I am designing a 16 bit ALU in verilog based on an existing RISC ISA. The ISA says that the carry flag is set when the operation is unsigned, and overflow is set when the operation is signed. The interesting thing is that the ISA implements ADD and SUB instructions that operate on both signed and unsigned numbers. Since signed vs unsigned is simply a matter of interpretation, my initial idea was to do something like below. The idea being that overflow vs carry is only a matter of interpretation, so use the same function for both.
module ALU();
input wire [15:0]x;
input wire [15:0]y;
input wire [8:0]opcode;
output reg [15:0] result;
output reg CFlag; // Carry
output reg FFlag; // Overflow
if(opcode == ADD) begin
result = x + y;
// x and y have the same sign, result has a different sign.

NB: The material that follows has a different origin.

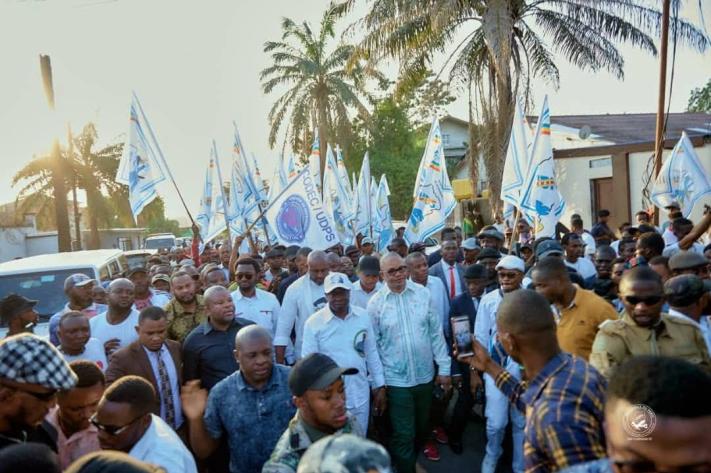 Kinshasa : l’Udps annonce une marche de soutien aux sanctions américaines contre Joseph Kabila ce 2 mai 2026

CFlag = FFlag = (x[15] ~^ y[15]) & res[15] ^ x[15];
end
endmodule
But what about this edge case (shown in 4 bits)?
x = -1
y = 1
1111 + 0001 = 0000
In this case the answer is correct in 2s compliment and no flag needs to be set. But the answer is incorrect in unsigned interpretation and the carry flag should be set. I always understood carry and overflow to be the same, just different interpretation, but now I'm not sure. How would a modern ALU handle this edge case?
Carry and overflow are not the same at all.
Carry indicates the result isn't mathematically correct when interpreted as unsigned, overflow indicates the result isn't mathematically correct when interpreted as signed. So as examples for your 4-bit ALU:
1111 + 0001 = 0000should set carry (15 + 1 = 0 is false) and clear overflow (-1 + 1 = 0 is true).0111 + 0010 = 1001should clear carry (7 + 2 = 9 is true) and set overflow (7 + 2 = -7 is false).1001 + 1001 = 0010should set both (9 + 9 = 2 and -7 + -7 = 2 are both false).